▶ INSTRUCTIONS TO FOLLOW: What you return should be only the lines starting at the one that contains "Used 2024 Chrysler" and running to the end of the listing, exactly as written, minus any pictures.

▶ INFORMATION SUPPLIED:
-*-*-
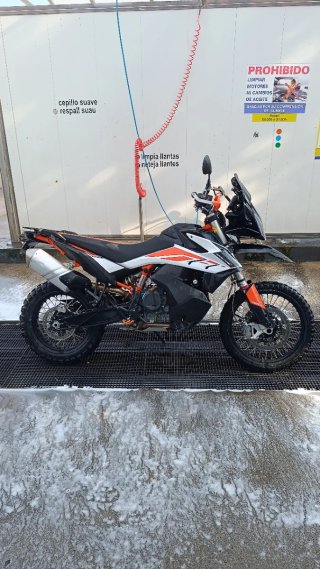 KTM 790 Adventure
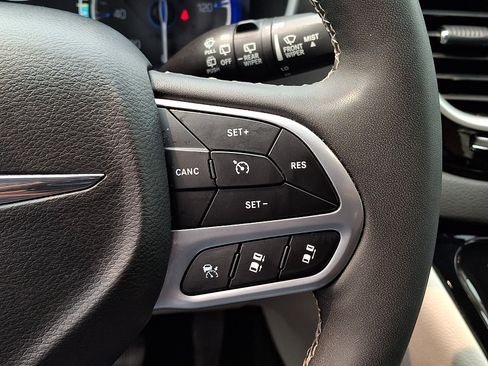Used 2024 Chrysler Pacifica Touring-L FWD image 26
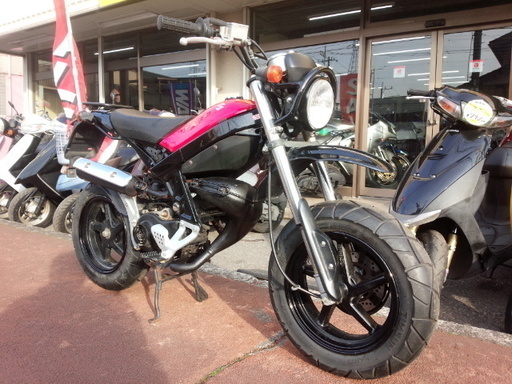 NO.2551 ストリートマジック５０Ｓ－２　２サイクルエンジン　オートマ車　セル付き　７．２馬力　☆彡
-*-*-
▶ EXERCISE SOLUTION:
Used 2024 Chrysler Pacifica Touring-L FWD image 26
 NO.2551 ストリートマジック５０Ｓ－２　２サイクルエンジン　オートマ車　セル付き　７．２馬力　☆彡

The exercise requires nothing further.